To measure how informative a distribution is. The formula is as follows: $\text{Entropy} = - \sum p log p$ Here, the logarithm is based on a base of two. The greater the entropy is, the less informative the distribution is. For example:

P(tail) = 0.5  P(tail) = 0.5  entropy = 1
P(tail) = 1    P(tail) = 0    entropy = 

We assume 0log 0 = 0 in the calculation

Information gain

Suppose we get a table having columns: race, income, label

We calculate the base information(entropy): Info(label) = entropy(p_yes, p_no)

We calculate the information associated with an attribute. Info(race) = p_black * entropy(p_yes, p_no | black) + p_white * entropy(p_yes, p_no | white) Here, p_black means the proportion of the black attribute

And we can calculate the information gain by: Gain(race) = Info(label) - Info(race)

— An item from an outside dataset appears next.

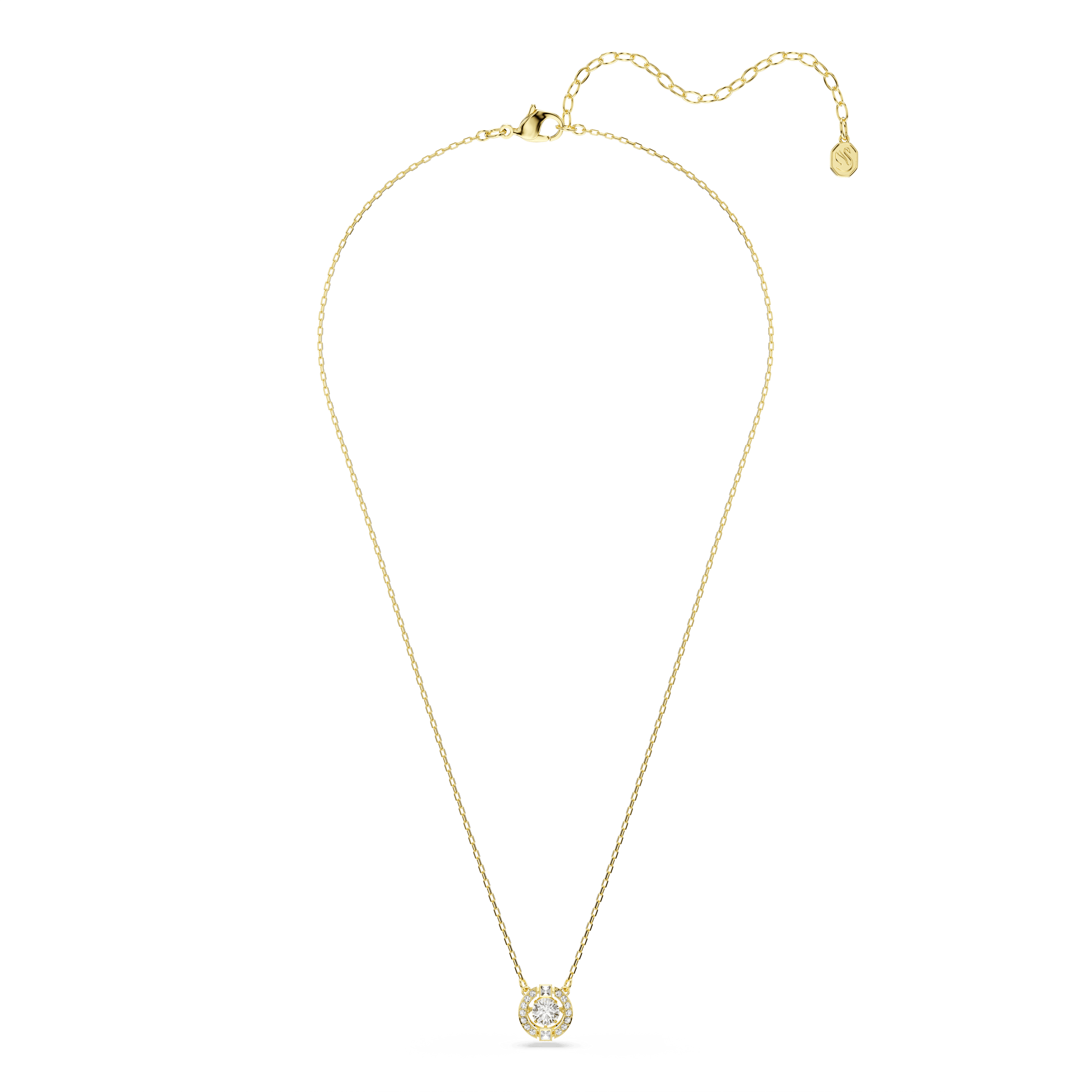 Una Angelic pendant, Mixed cuts, White, 18K gold finish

We should choose the one with the greatest gain.

C4.5

We use a new measurement: Gain(race) = Info(label) - Info(race) / entropy(race)

Comparison with ID3

ID3 tends to choose the attributes with more values. C4.5 tries to penalize attributes with more values.

CART

It uses gini index to calculate the Info. gini(p_i, …) = 1 - \sum p_i^2 Info(label) = gini(p_yes, p_no) Info(white) = gini(p_yes, p_no | white) Info(black) = gini(p_yes, p_no | black) Info(race) = p_black * Info(black) + p_white * Info(white) Gain(race) = Info(label) - Info(race)

Intuition of Gini

Suppose we get two kinds of balls: x and y. The probability of picking x is p_x, and correspondingly p_y. The probability of taking two balls of different kinds is: 1 - P_x^2 - P_y^2.